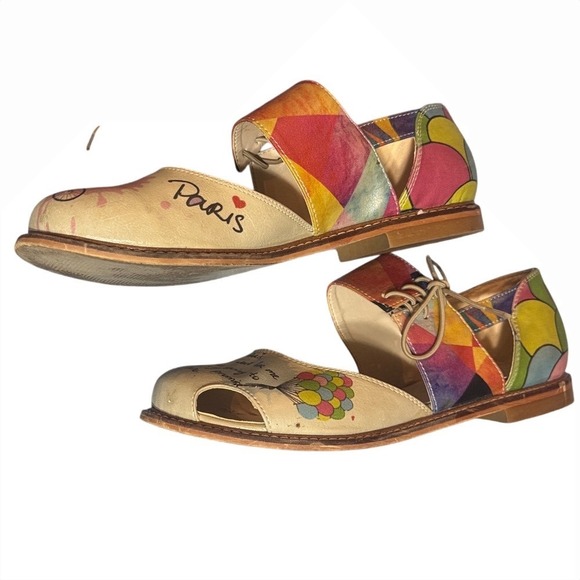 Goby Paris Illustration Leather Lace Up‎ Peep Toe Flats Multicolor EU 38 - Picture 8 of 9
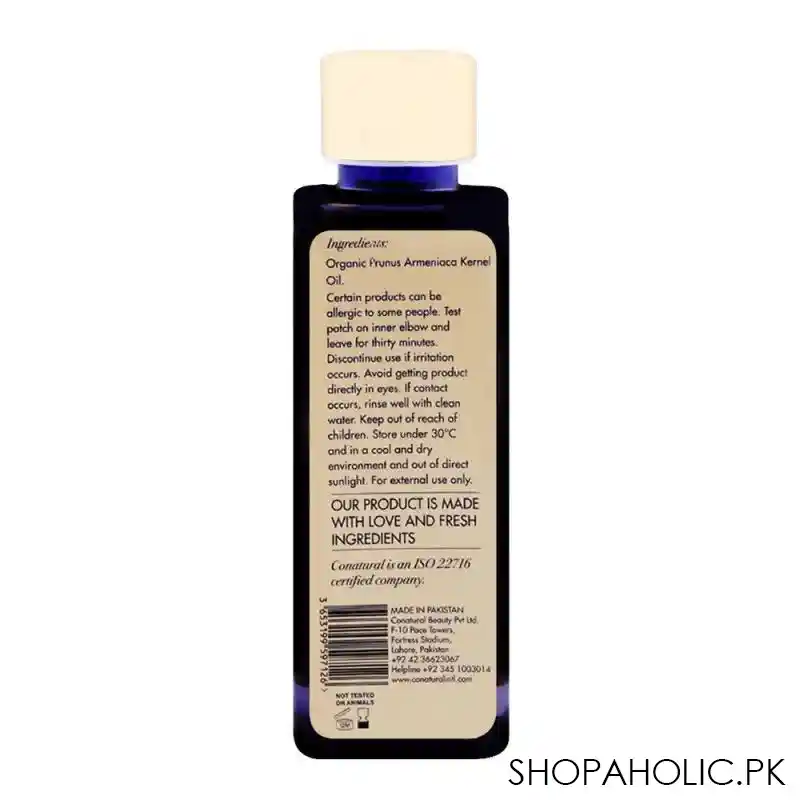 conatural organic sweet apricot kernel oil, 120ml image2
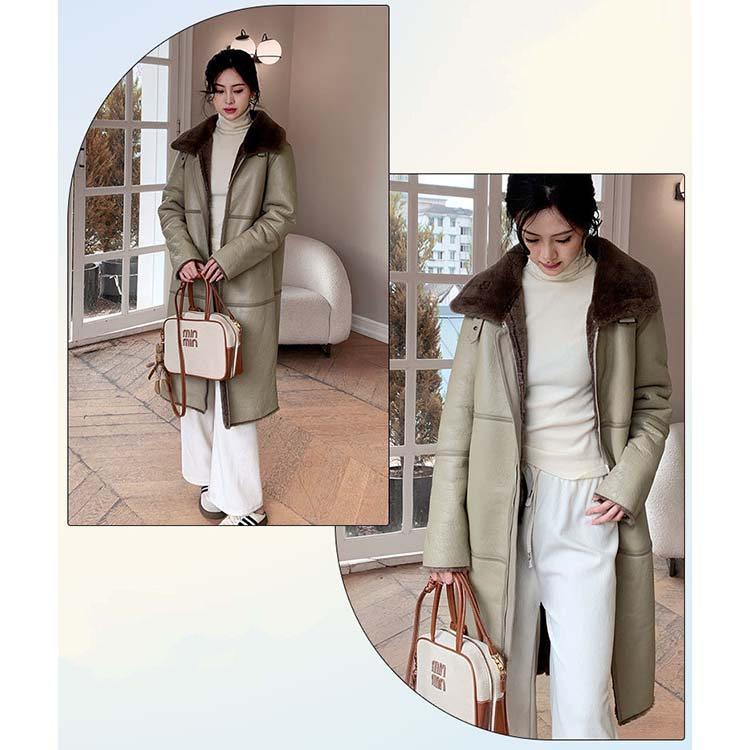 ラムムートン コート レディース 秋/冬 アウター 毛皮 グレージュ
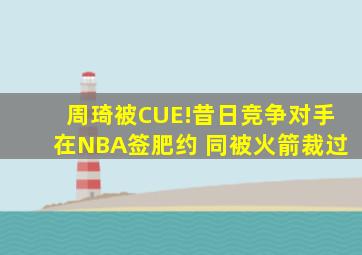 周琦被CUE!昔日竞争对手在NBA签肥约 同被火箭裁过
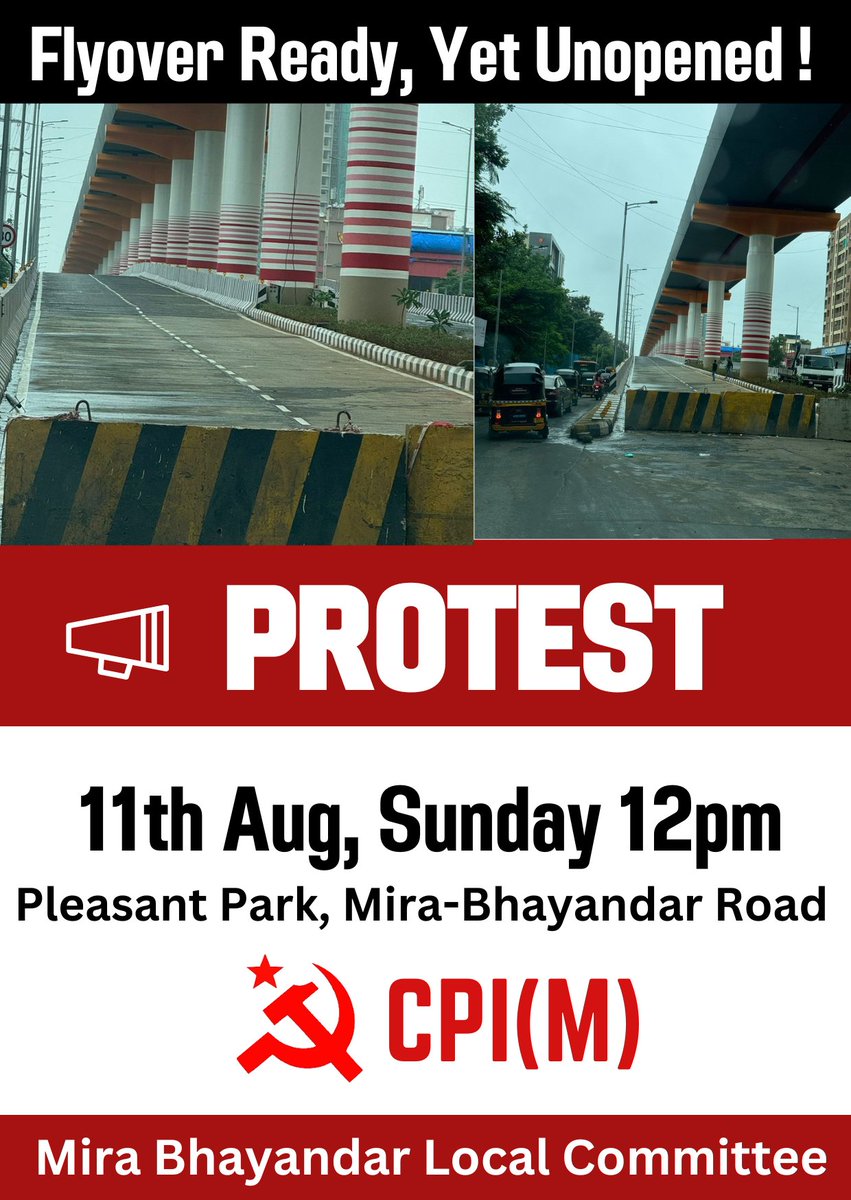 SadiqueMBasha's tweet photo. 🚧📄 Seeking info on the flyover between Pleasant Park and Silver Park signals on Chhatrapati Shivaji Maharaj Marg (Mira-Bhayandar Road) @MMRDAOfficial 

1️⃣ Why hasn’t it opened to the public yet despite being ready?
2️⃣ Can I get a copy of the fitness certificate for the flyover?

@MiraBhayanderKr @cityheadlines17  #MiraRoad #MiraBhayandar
▬▬▬▬▬▬
■ Exercise details:
Starting at the line that holds "SadiqueMBasha's tweet photo.", copy each line exactly through the end of the material above, keeping both ends and dropping the pictures.

■ Output of the task:
 SadiqueMBasha's tweet photo. 🚧📄 Seeking info on the flyover between Pleasant Park and Silver Park signals on Chhatrapati Shivaji Maharaj Marg (Mira-Bhayandar Road) @MMRDAOfficial 

1️⃣ Why hasn’t it opened to the public yet despite being ready?
2️⃣ Can I get a copy of the fitness certificate for the flyover?

@MiraBhayanderKr @cityheadlines17  #MiraRoad #MiraBhayandar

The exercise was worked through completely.